Security Implications

None known.

Reference Implementation

This PEP has a reference implementation in the form of a PR against the CPython main branch which passes all tests.

The reference implementation performs the micro-benchmark ./python -m pyperf timeit -s 'l = [1]' '[x for x in l]' 1.96x faster than the main branch (in a build compiled with --enable-optimizations.)

The reference implementation performs the comprehensions benchmark in the pyperformance benchmark suite (which is not a micro-benchmark of comprehensions alone, but tests real-world-derived code doing realistic work using comprehensions) 11% faster than main branch (again in optimized builds). Other benchmarks in pyperformance (none of which use comprehensions heavily) don’t show any impact outside the noise.

The implementation has no impact on non-comprehension code.

Rejected Ideas

More efficient comprehension calling, without inlining

An alternate approach introduces a new opcode for “calling” a comprehension in streamlined fashion without the need to create a throwaway function object, but still creating a new Python frame.

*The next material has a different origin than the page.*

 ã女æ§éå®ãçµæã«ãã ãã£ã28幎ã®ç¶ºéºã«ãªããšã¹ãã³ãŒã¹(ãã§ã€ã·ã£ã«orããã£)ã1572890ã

This avoids all of the visible effects listed under Backwards Compatibility, and provides roughly half of the performance benefit (1.5x improvement on the microbenchmark, 4% improvement on comprehensions benchmark in pyperformance.) It also requires adding a new pointer to the _PyInterpreterFrame struct and a new Py_INCREF on each frame construction, meaning (unlike this PEP) it has a (very small) performance cost for all code. It also provides less scope for future optimizations.

This PEP takes the position that full inlining offers sufficient additional performance to more than justify the behavior changes.